▸ **WHAT YOU ARE ASKED TO DO**
Print verbatim the opening line of the material and every subsequent line through the one containing "Stolik pomocniczy 2".

▸ **THE DATA**

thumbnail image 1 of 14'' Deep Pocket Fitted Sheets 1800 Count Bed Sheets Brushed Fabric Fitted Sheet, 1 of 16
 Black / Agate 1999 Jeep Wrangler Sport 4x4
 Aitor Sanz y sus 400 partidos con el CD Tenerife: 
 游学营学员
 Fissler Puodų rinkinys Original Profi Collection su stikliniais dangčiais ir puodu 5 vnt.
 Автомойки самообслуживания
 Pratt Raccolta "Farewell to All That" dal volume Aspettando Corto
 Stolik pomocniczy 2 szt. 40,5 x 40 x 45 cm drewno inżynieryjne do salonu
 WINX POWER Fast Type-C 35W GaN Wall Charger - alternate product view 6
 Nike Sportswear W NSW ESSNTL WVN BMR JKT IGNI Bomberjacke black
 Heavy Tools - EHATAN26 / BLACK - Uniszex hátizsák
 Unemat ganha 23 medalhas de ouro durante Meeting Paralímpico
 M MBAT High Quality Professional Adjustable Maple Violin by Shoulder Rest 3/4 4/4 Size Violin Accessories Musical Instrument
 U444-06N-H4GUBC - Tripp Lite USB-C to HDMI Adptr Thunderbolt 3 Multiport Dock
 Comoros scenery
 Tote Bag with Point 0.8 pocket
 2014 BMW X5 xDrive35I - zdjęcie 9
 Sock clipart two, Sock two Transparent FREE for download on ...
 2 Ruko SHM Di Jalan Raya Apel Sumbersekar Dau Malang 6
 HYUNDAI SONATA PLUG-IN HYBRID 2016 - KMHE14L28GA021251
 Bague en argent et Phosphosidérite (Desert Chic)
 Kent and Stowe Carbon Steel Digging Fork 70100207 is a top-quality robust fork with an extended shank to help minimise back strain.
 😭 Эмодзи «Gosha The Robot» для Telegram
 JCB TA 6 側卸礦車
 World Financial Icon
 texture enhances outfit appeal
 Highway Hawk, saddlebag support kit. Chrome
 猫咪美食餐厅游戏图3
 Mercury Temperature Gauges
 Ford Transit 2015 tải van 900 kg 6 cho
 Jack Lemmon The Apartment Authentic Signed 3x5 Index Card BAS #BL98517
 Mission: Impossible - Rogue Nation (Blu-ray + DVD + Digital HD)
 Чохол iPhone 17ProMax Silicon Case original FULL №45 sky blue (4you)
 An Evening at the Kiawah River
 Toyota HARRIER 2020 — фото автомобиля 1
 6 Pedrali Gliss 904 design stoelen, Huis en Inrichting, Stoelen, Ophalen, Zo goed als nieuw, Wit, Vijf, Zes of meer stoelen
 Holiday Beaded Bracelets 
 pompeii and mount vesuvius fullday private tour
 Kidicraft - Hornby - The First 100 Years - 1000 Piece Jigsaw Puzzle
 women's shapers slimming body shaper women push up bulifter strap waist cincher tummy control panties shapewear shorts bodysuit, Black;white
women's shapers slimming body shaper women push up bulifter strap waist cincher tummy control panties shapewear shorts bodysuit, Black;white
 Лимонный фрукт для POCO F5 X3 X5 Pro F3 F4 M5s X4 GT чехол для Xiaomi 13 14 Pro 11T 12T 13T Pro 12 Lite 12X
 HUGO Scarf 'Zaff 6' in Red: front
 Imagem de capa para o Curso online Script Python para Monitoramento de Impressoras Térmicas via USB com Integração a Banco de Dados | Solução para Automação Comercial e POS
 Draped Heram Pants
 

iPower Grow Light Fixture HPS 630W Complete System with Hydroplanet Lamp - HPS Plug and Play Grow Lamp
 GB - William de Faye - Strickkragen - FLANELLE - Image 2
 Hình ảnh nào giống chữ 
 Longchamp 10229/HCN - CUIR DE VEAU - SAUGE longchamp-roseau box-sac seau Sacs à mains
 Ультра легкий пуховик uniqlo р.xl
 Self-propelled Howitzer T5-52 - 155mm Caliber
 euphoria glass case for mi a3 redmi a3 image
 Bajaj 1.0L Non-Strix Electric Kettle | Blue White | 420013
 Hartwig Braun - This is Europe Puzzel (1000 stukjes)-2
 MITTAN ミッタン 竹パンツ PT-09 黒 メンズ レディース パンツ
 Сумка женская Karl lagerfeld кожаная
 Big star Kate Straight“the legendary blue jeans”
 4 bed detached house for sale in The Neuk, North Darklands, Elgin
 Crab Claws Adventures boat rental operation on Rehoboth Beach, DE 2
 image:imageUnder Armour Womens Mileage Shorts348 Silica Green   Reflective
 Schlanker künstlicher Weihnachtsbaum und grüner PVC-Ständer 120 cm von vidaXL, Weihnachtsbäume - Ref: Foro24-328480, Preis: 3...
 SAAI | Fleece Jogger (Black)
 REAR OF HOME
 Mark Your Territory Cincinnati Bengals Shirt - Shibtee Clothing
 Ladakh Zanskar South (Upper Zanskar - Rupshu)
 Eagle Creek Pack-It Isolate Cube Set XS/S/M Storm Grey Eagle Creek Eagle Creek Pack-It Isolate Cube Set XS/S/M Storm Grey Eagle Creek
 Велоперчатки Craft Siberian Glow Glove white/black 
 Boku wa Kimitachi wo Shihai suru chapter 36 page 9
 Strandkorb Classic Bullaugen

▸ **WORKED SOLUTION**
thumbnail image 1 of 14'' Deep Pocket Fitted Sheets 1800 Count Bed Sheets Brushed Fabric Fitted Sheet, 1 of 16
 Black / Agate 1999 Jeep Wrangler Sport 4x4
 Aitor Sanz y sus 400 partidos con el CD Tenerife: 
 游学营学员
 Fissler Puodų rinkinys Original Profi Collection su stikliniais dangčiais ir puodu 5 vnt.
 Автомойки самообслуживания
 Pratt Raccolta "Farewell to All That" dal volume Aspettando Corto
 Stolik pomocniczy 2 szt. 40,5 x 40 x 45 cm drewno inżynieryjne do salonu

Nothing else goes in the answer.